Most of the traditional risk analysis methods only consider the randomness of the factors which affect the stability of earth–rock dams. However, due to the complexity of factors influencing the stability risk of a dam, the fuzziness of various factors should be considered. In this paper, a fuzzy risk model of instability failure of earth–rock dams based on the fuzzy set theory was established through comprehensively considering the randomness and fuzziness of the risk factors. The fuzzy variable was transformed into an interval number by the use of the level cut set, then the Monte-Carlo method was employed to calculate the risk probability. Based on the risk analysis of instability failure of the Longxingsi reservoir dam, both the upper and the lower limits of the risk probability were found to be on the dangerous side. The safety assessment evaluated the dam structure stability as grade C, which is consistent with the conclusion of the dam safety appraisal. The parameters used in this method are in good agreement with those of the traditional methods.

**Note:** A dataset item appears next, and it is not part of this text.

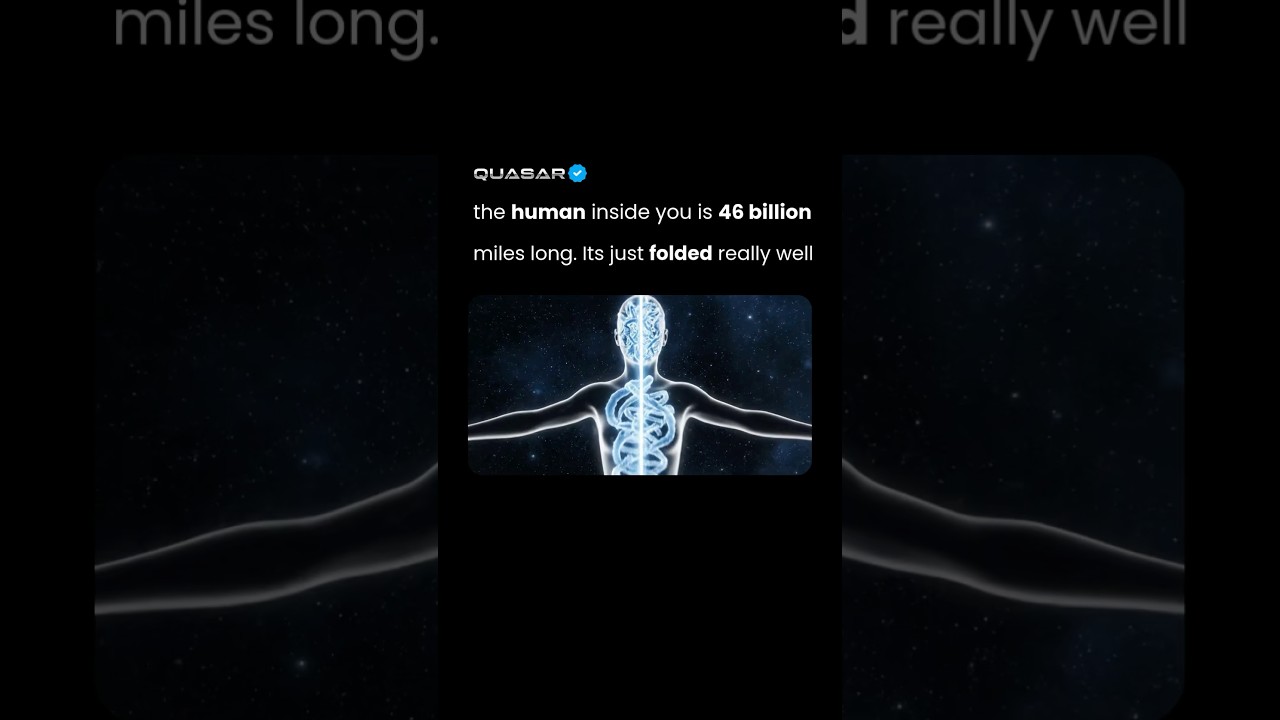 You&rsquo;re 46 billion miles long you just can&rsquo;t see it.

Solving the model does not present significantly increased difficulties to researchers investigating the cracking and failure risk of traditional earth–rock dams. Compared with the risk value determined by the traditional risk analysis method, the risk interval value obtained by this method is more in line with engineering practice and provides a new possibility for risk assessment by relevant scholars and government departments, as well as reference and support for dam risk management.